**TASK BRIEF:**
Restate, word for word and with no pictures, the stretch of lines in the data below that begins at the line with "Aspirine Upsa 500" and ends at the line with "Wide Leg Pants", inclusive.

**EXERCISE INPUT:**
::::::
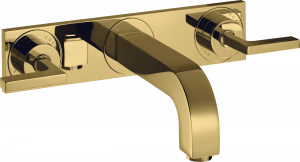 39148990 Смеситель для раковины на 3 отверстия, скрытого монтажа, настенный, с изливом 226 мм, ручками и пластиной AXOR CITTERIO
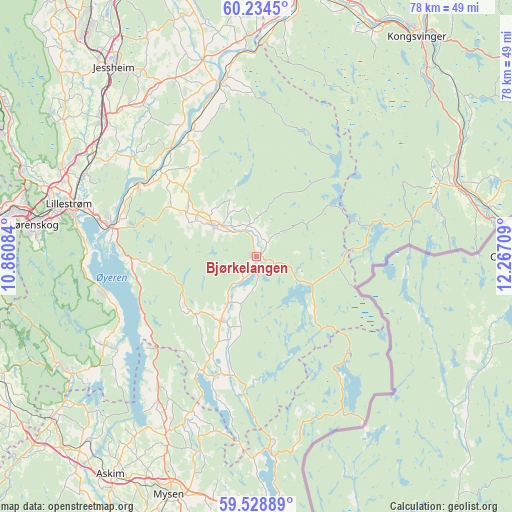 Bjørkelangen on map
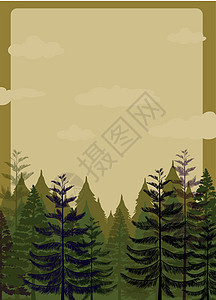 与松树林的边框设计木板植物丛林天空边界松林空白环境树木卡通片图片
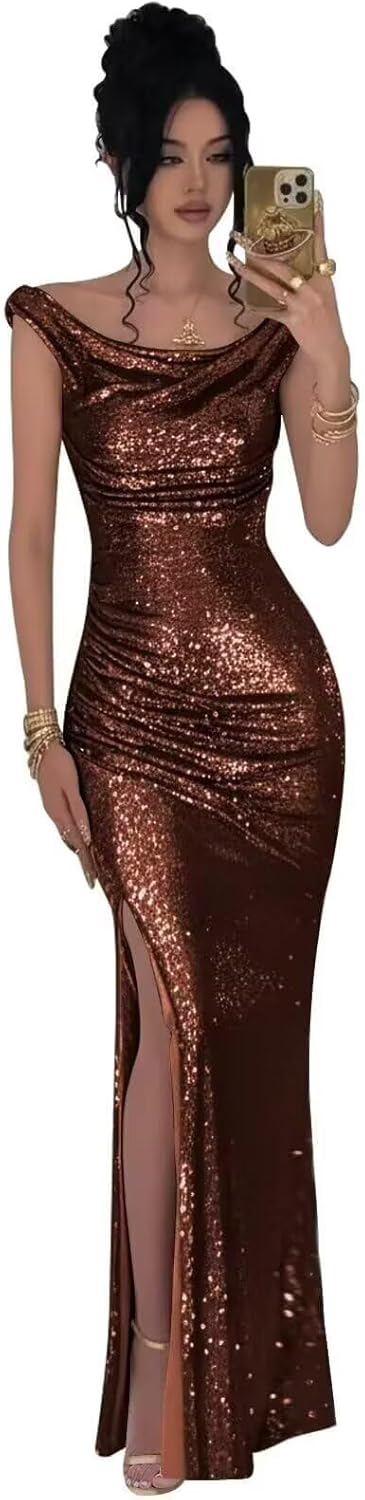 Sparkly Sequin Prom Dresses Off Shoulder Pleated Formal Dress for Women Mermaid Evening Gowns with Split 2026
::::::
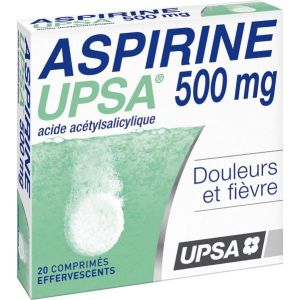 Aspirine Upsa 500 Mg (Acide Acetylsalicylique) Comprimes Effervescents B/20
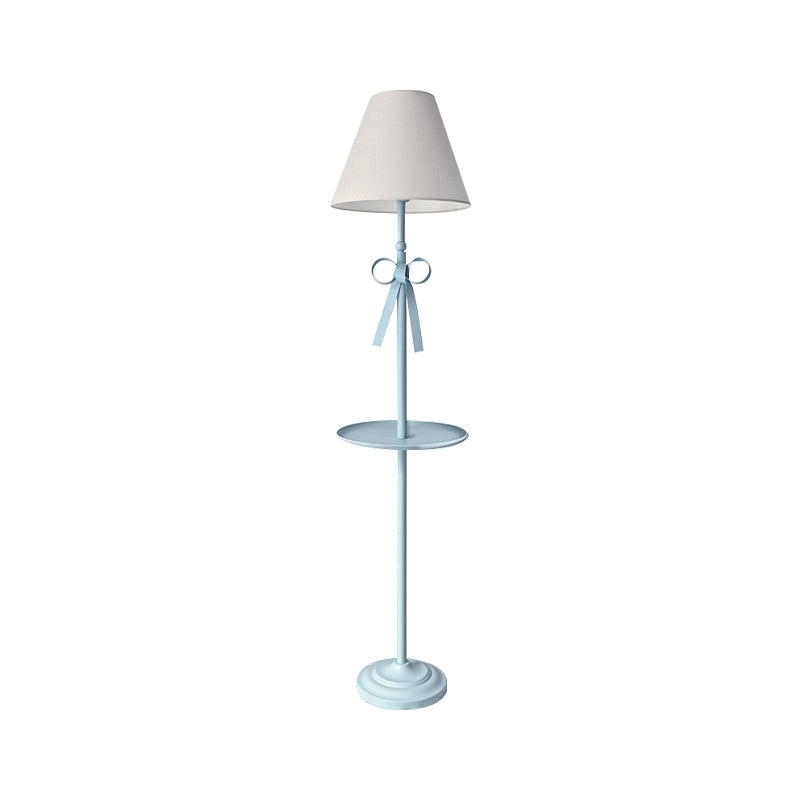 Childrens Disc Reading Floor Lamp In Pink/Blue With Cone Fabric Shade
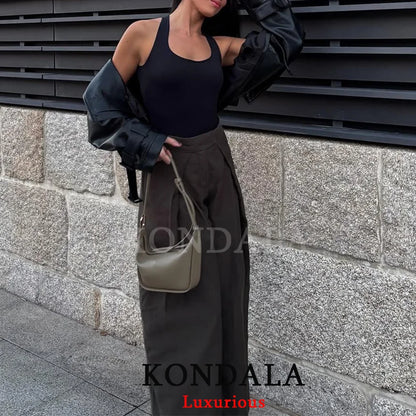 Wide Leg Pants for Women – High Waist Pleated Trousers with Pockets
::::::
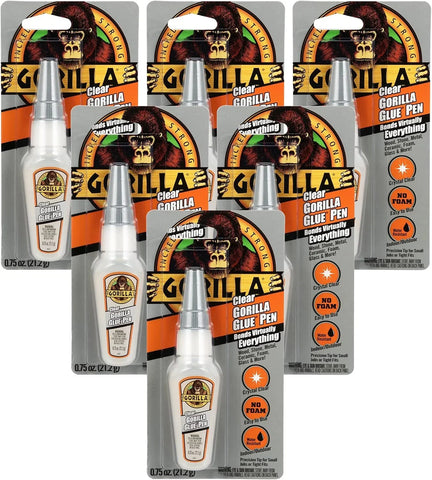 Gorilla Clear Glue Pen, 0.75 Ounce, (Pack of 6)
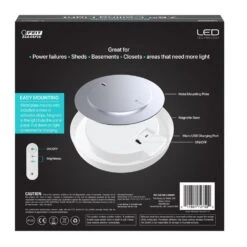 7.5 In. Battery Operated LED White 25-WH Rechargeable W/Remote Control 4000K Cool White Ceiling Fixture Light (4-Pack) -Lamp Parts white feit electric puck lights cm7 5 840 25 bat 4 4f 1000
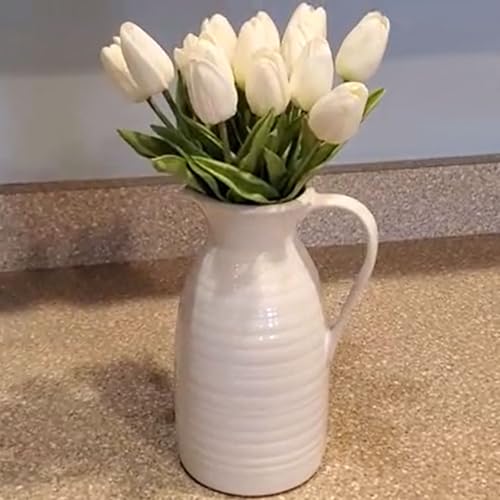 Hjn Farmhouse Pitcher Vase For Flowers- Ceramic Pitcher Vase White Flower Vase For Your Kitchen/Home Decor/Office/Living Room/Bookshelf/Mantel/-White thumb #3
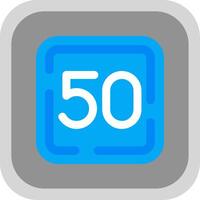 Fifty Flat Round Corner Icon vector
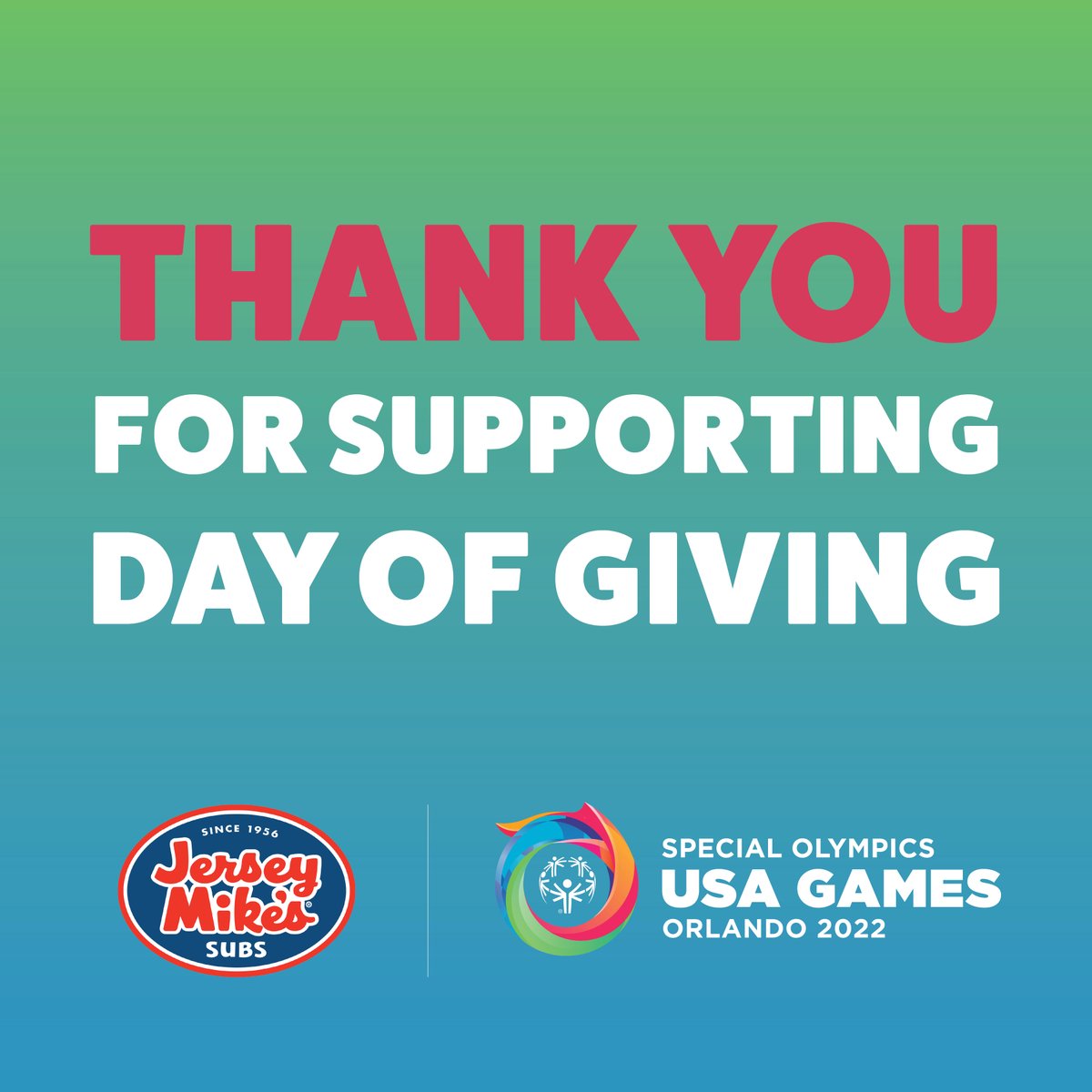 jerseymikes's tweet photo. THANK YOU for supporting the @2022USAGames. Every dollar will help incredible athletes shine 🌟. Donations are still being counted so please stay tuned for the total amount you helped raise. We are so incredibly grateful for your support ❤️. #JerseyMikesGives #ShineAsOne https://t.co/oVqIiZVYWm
::::::
**ANSWER SPACE:**
 Aspirine Upsa 500 Mg (Acide Acetylsalicylique) Comprimes Effervescents B/20
 Childrens Disc Reading Floor Lamp In Pink/Blue With Cone Fabric Shade
 Wide Leg Pants for Women – High Waist Pleated Trousers with Pockets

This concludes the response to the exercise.